Mr Blair has already faced pressure from his critics to use the annual conference to stand down, amid growing rumours at Westminster that he intends to vacate No 10 next year, possibly after the tenth anniversary of his premiership in May.

Margaret Beckett, the Foreign Secretary, fuelled talk of the succession last night, calling on Mr Blair and Mr Brown to orchestrate a smooth transition.

In an interview with The Times Ms Beckett said it was up to the two men to decide whether the party conference was the right time to signal the transition to a Brown premiership.

She told the paper: "What people want is for there to be a process ­ which there can easily be ­ which is supportive of the party and not the other way round."

Mr Blair yesterday urged Labour to "hold its nerve" after Charles Clarke sparked a fresh bout of speculation about Mr Blair's future when he questioned the Prime Minister's ability to remain in Downing Street and attacked John Reid, his successor as Home Secretary.

The rift between Mr Clarke and the Prime Minister deepened when allies of the former home secretary revealed that he resisted pressure from Mr Blair to adopt populist policies such as an American-style "Megan's law" allowing people to know when paedophiles live in their area. Mr Reid is now considering the idea despite warnings that it could drive child molesters underground.

Allies said Mr Clarke also opposed Mr Blair's plan to allow the detention without charge of suspected terrorists for 90 days, a proposal on which the Government suffered a crushing defeat when MPs limited it to 28 days. " He tried to bring the party with him, and sought a consensus but Downing Street kept pushing for quick headlines," said one friend.

In a round of media interviews, Mr Clarke said Mr Blair had lost his " sense of purpose and direction", doubted that he could recover his authority but hoped he could still do so and stopped short of saying he should stand down.

The Prime Minister dismissed Tory claims that Mr Clarke's broadside amounted to his "Geoffrey Howe moment" ­ the devastating assault on Margaret Thatcher when her Deputy Prime Minister resigned, paving the way for her downfall in 1990. Blair aides said Mr Clarke had the right to " let off steam" after being sacked over the foreign prisoners fiasco last month.

Mr Blair said: "I have a very great regard for Charles, both for what he did in government and afterwards. I simply felt he had to move from his position for the reasons I gave at the time. We are a year from a general election. We have got three years, if not more, before the next general election. What we should do is calm down, hold our nerve and get on with governing.

To avoid a war of words, Mr Reid declined to respond to Mr Clarke's criticism over four of his decisions ­ describing the Home Office as "not fit for purpose"; considering a "Megan's law"; protesting about a judge's sentence for a paedophile and delaying plans for police forces to merge.

Downing Street backed Mr Reid's judgement about the performance of the Home Office, saying the Prime Minister believed it needed "radical transformation". Mr Blair's official spokesman said: "Charles Clarke's personal disappointment was perfectly obvious on the day he left the Government and, given the circumstances, understandable, but an expression of that disappointment should not be a surprise."
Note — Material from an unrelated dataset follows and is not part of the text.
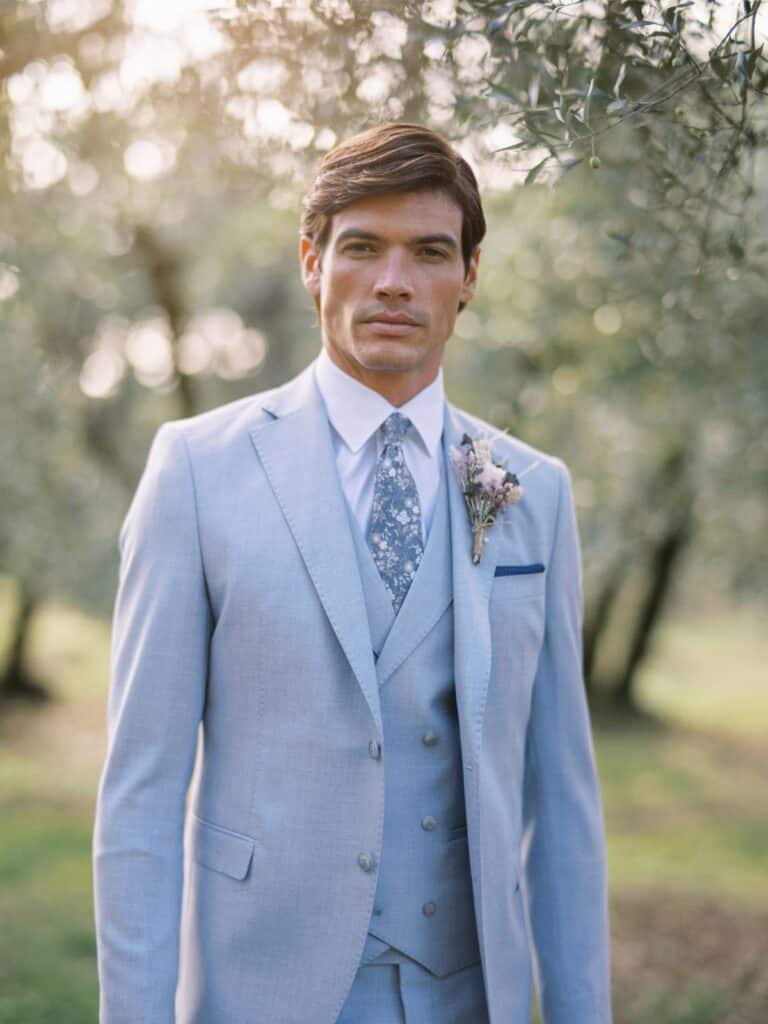 Groom wearing a light blue three‑piece wedding suit with a patterned tie and a rustic dried‑flower boutonnière, standing outdoors among softly lit trees.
But Mr Clarke's doubts about whether Mr Blair could recover his authority reignited the debate about how long he should remain. Frank Dobson, the former health secretary, said Mr Blair had become an "electoral liability" who was damaging Labour's prospects.
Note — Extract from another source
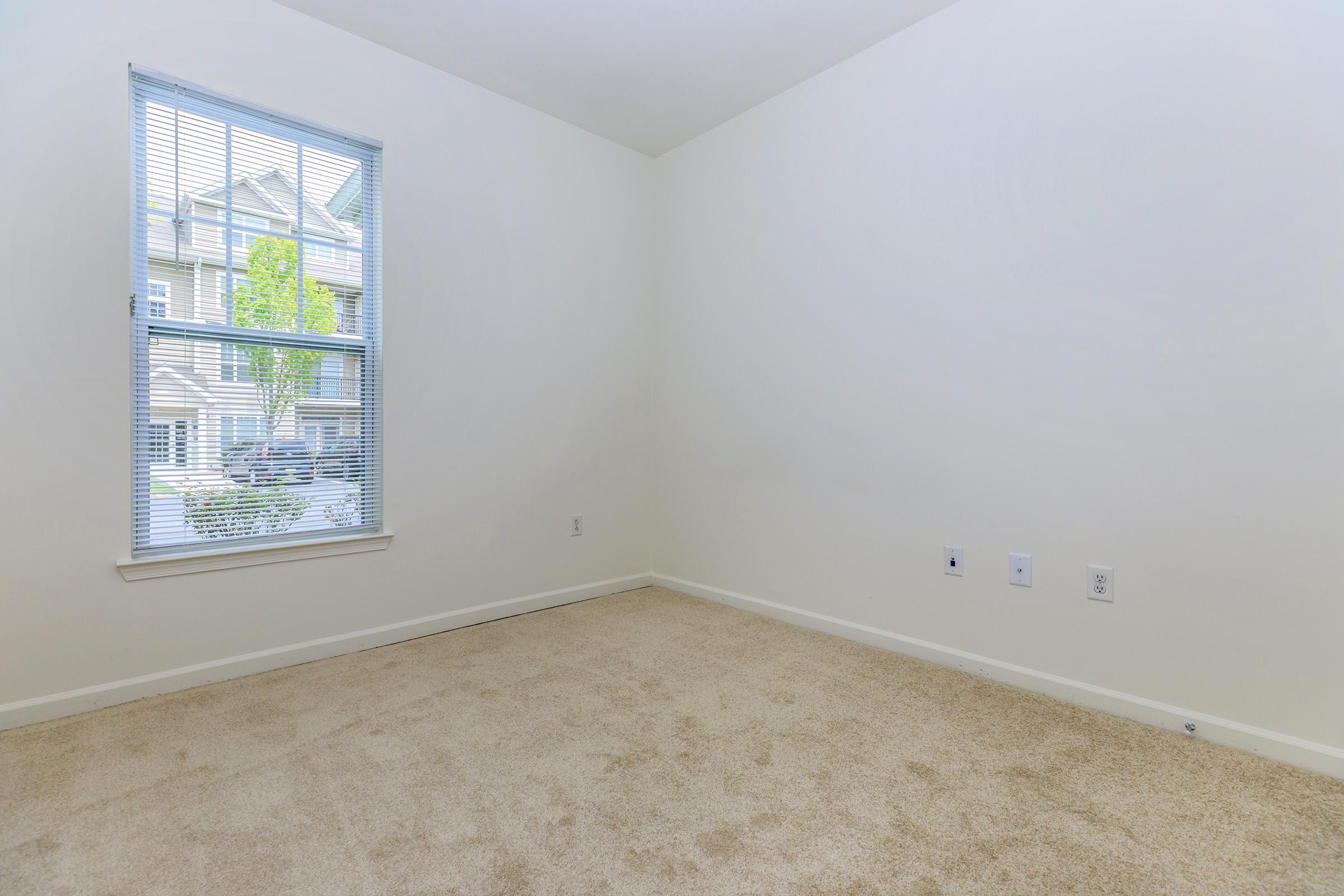 a room with a sink and a window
Although Mr Clarke said that he expected to back Gordon Brown as Mr Blair's successor, left-wing Labour MPs hope he might stand against him. " Clarke has to stand for the leadership," said one leading left-winger. "It would offer the party a choice between tomorrow's man and Cold War Gordon."

David Davis, the shadow Home Secretary, described Mr Clarke's comments as "a Blairite equivalent, a media-based equivalent, of what Geoffrey Howe did to Margaret Thatcher".

Sir Menzies Campbell, the Liberal Democrat leader, said: "This is no longer merely a question of the interests of the Labour Party, but the interests of the country.